● **WHAT THE TASK ASKS**:
Leave out the pictures and repeat everything else in the records exactly.

● **STUDY MATERIAL**:
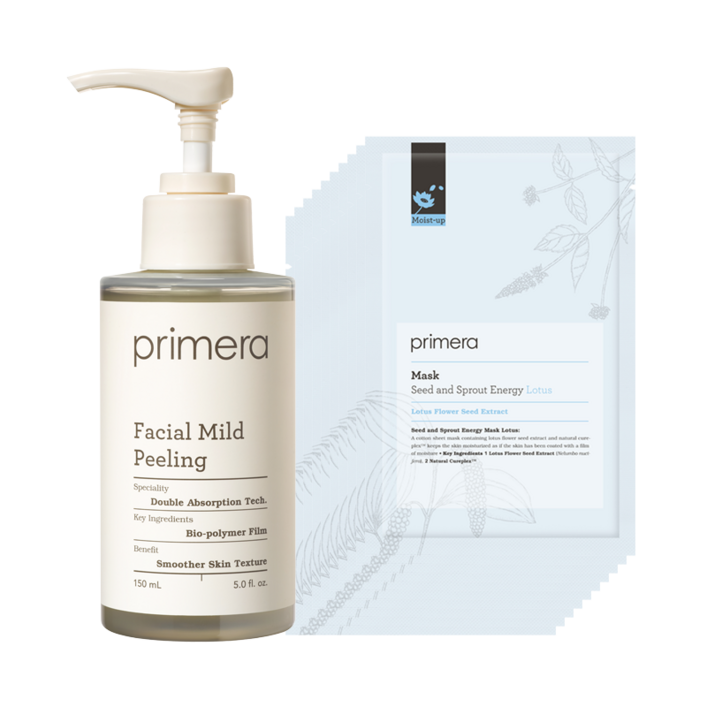 프리메라 페이셜 마일드필링 150ml+마스크팩 10매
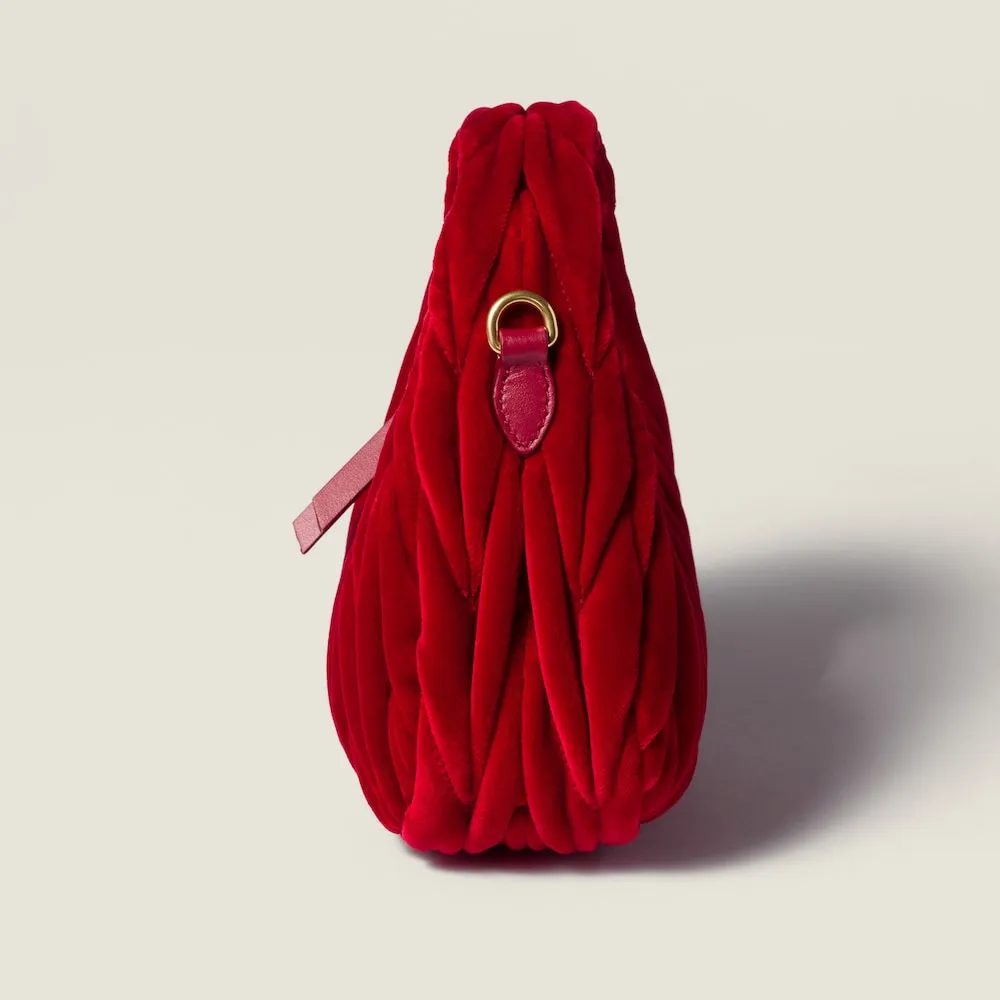 Miu Miu Wander Matelassé Velvet Mini Handbag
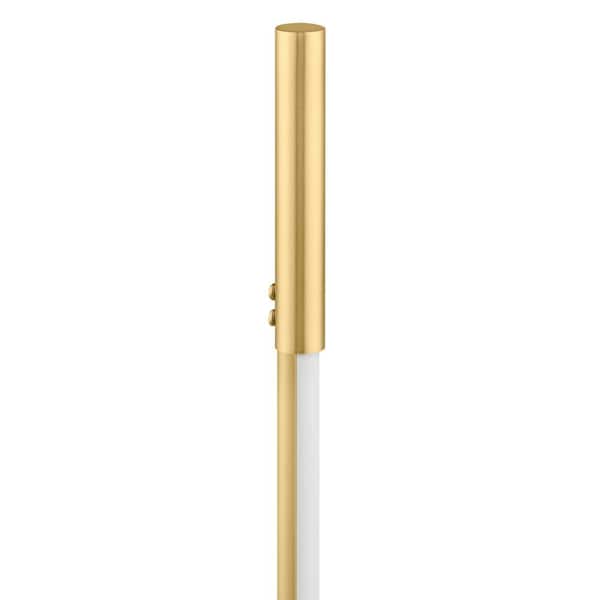 Hampton Bay Calero 50 in. Brushed Gold Straight Arc Floor Lamp LED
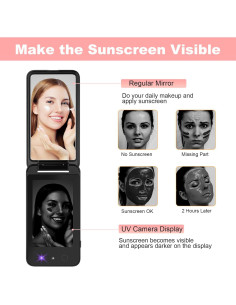 Espejo UV Vanmirr 4" Recargable con Cámara para Protector Solar 2
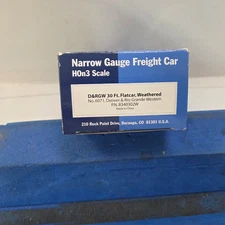 Blackstone Models HOn3 D&RGW 30 Ft Flatcar #6071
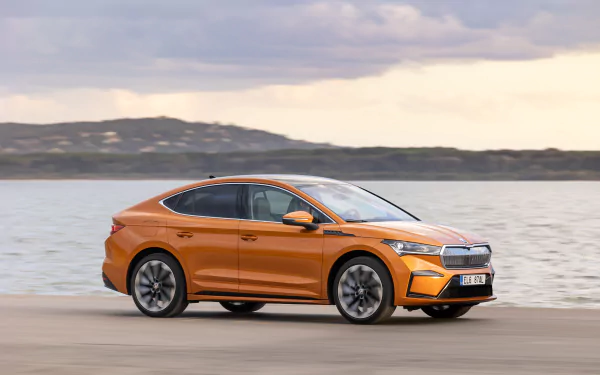 vehicle Skoda Enyaq iV 80 HD Desktop Wallpaper | Background Image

● **ANSWER BOX**:
 프리메라 페이셜 마일드필링 150ml+마스크팩 10매
 Miu Miu Wander Matelassé Velvet Mini Handbag
 Hampton Bay Calero 50 in. Brushed Gold Straight Arc Floor Lamp LED
 Espejo UV Vanmirr 4" Recargable con Cámara para Protector Solar 2
 Blackstone Models HOn3 D&RGW 30 Ft Flatcar #6071
 vehicle Skoda Enyaq iV 80 HD Desktop Wallpaper | Background Image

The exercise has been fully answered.